- Exercise prompt -
Please leave out pictures and print exactly the lines from the one that has "Duncan with the" through the last line of the material below.

- Information shown -
- - -

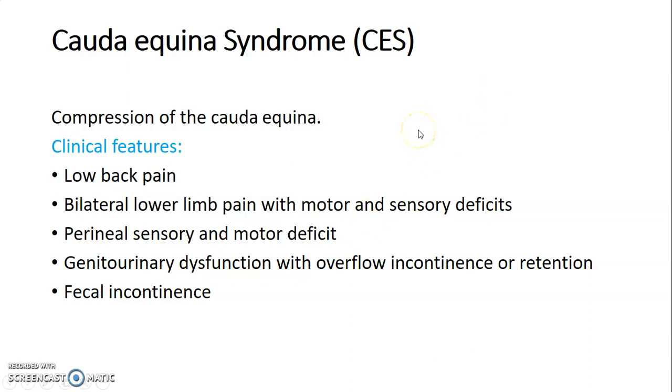Cauda equina syndrome involves the lower lumbar, sacral, and coccygeal nerves, which together form what resembles a horse's tail because the spinal cord has terminated earlier and the nerves need to travel down. When there is compression of the cauda equina — most commonly by a herniated intervertebral disc — the features include low back pain, bilateral lower limb pain with motor and sensory deficits, perineal sensory and motor deficits, and genitourinary dysfunction with overflow incontinence, retention, and fecal incontinence.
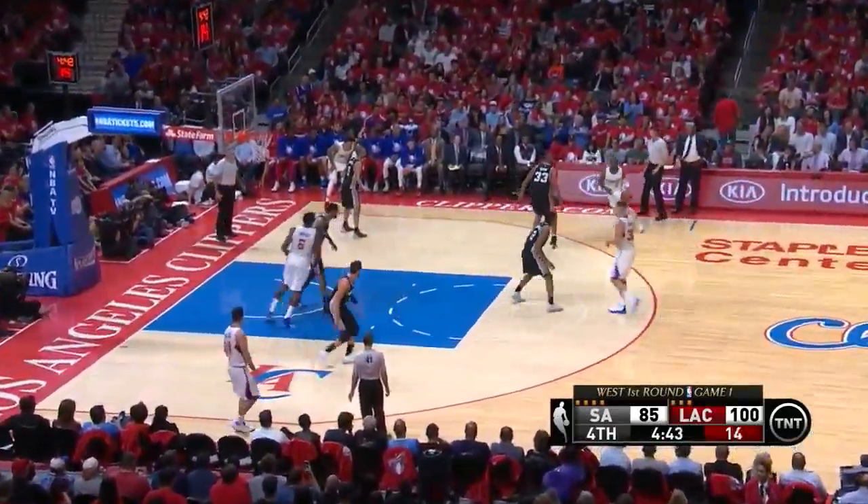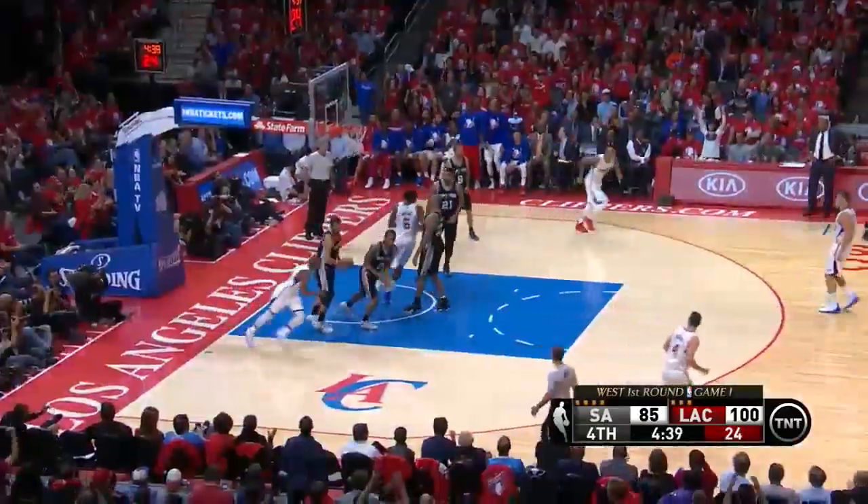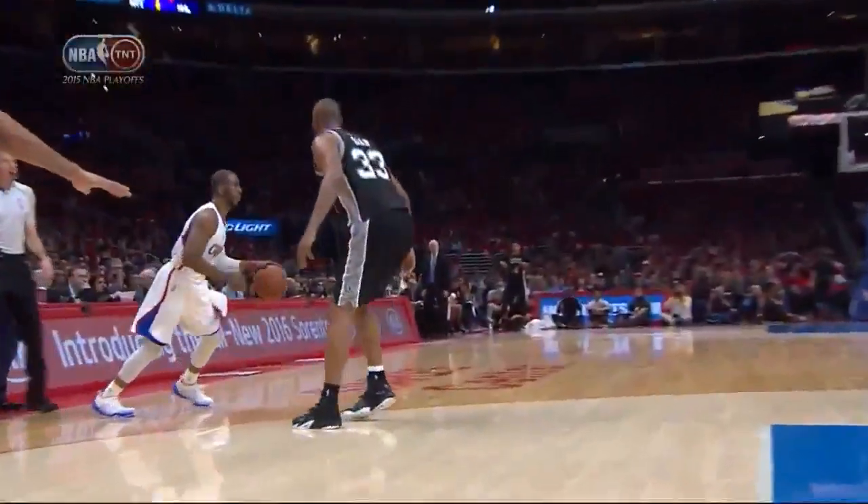Duncan with the double-double, with 11 and 11. Chris Paul, the crossover in the drop. What a play by Chris Paul! Knifing his way for two! Knapp to pick up his fifth.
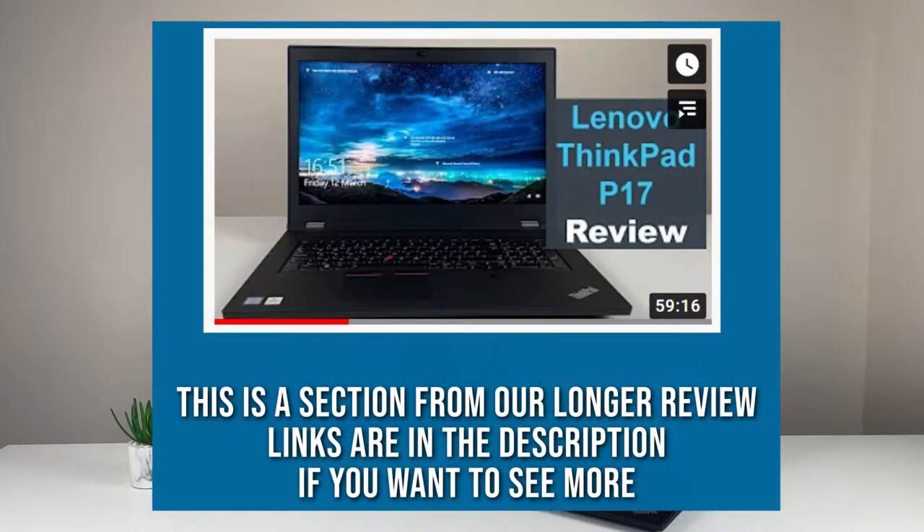Hey people, we've got the Lenovo ThinkPad P17 here. It's a review video, a little bit longer than usual, but we'll try to see if this format works. There's going to be chapters. Before we start, please do subscribe and like the channel if you enjoy the content — it's really valuable for us to get that sort of feedback.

- - -

- Answer box -
Duncan with the double-double, with 11 and 11. Chris Paul, the crossover in the drop. What a play by Chris Paul! Knifing his way for two! Knapp to pick up his fifth.
Hey people, we've got the Lenovo ThinkPad P17 here. It's a review video, a little bit longer than usual, but we'll try to see if this format works. There's going to be chapters. Before we start, please do subscribe and like the channel if you enjoy the content — it's really valuable for us to get that sort of feedback.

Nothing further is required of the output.